The case of re Hutner v Department of Immigration and Ethnic Affairs, 38 ALD 781, also depends particularly on its own peculiar factual matrix. There the applications had been for membership of the Refugee Review Tribunal, a quasi judicial body, and it was held that the successful applicants had entered the public domain and their qualifications and experience should not be kept confidential. We note of course that the decision relates to the successful applicants.
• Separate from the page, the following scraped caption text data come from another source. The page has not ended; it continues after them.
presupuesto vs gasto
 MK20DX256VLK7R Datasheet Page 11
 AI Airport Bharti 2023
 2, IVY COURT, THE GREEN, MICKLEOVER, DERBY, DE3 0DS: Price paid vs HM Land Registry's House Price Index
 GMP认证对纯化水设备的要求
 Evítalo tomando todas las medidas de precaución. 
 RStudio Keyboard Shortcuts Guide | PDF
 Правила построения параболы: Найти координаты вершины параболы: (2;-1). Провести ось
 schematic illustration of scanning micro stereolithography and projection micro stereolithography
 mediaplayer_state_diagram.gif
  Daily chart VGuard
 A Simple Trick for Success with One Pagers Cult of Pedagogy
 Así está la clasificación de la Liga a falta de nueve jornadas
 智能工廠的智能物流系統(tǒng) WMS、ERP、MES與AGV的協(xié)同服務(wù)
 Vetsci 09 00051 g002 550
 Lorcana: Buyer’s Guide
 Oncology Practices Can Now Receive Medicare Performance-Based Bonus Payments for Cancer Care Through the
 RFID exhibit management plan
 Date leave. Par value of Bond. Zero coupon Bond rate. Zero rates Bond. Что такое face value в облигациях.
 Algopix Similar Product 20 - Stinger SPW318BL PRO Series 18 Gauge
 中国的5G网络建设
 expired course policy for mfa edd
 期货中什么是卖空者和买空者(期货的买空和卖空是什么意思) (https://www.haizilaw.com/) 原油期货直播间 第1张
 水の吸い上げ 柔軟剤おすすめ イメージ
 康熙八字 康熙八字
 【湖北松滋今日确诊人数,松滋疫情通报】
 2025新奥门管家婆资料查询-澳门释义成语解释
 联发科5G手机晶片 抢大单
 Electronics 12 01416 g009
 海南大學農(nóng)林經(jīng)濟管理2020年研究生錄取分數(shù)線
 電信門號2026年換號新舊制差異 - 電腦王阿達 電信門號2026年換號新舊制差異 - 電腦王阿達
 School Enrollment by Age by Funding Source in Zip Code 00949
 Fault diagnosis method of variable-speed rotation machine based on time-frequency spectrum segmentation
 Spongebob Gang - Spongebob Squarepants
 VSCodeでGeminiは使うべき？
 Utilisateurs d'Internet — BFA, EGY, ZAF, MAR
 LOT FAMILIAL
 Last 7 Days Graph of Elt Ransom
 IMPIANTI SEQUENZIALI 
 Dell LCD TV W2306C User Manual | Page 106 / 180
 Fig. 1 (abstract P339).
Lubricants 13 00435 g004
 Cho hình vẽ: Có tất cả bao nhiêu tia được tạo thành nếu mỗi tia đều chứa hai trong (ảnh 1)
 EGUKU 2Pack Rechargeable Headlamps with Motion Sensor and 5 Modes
We consider that quite different circumstances apply in the case of unsuccessful applicants and we do not agree with the submission by the applicant that simply because a person has been selected for interview they have somehow entered into the public domain.

Indeed, that they have been selected for interview and unsuccessful is probably a stronger reason for protecting their anonymity.  One might imagine too in this day and age particularly a person would not wish the public at large indeed with particularity his current employer to find out that he had been actively applying for other positions.

There is also the situation that the applicant may have remedies in another area as was pointed out in re Wiseman Supra, release under FOI is release against the whole world.  Whereas, if release is obtained in legal proceedings then the particular Court or other curial body has the power to control the release of the information to the parties appearing before it.

The exception to all this, it strikes us, is to the successful applicant.  Normally one might have expected that a successful applicant to the particular position would have had that notified in the Commonwealth Government Gazette but we were informed that this was not the case here.  Such details as to successful applicants have in the past been released, see, for example, re Raisanen v Special Broadcasting Services Corporation, unreported AAT decision N94/347 and also re Dyki Supa.

That is not to say that everything should be available but subject to what the respondent wishes to say if anything we would order that the name of the successful applicant and his qualifications be released otherwise however we affirm the decision not to disclose any other item of information.

RECORDED   :   NOT TRANSCRIBED

MR ALLEN:   That will be the order of the Tribunal.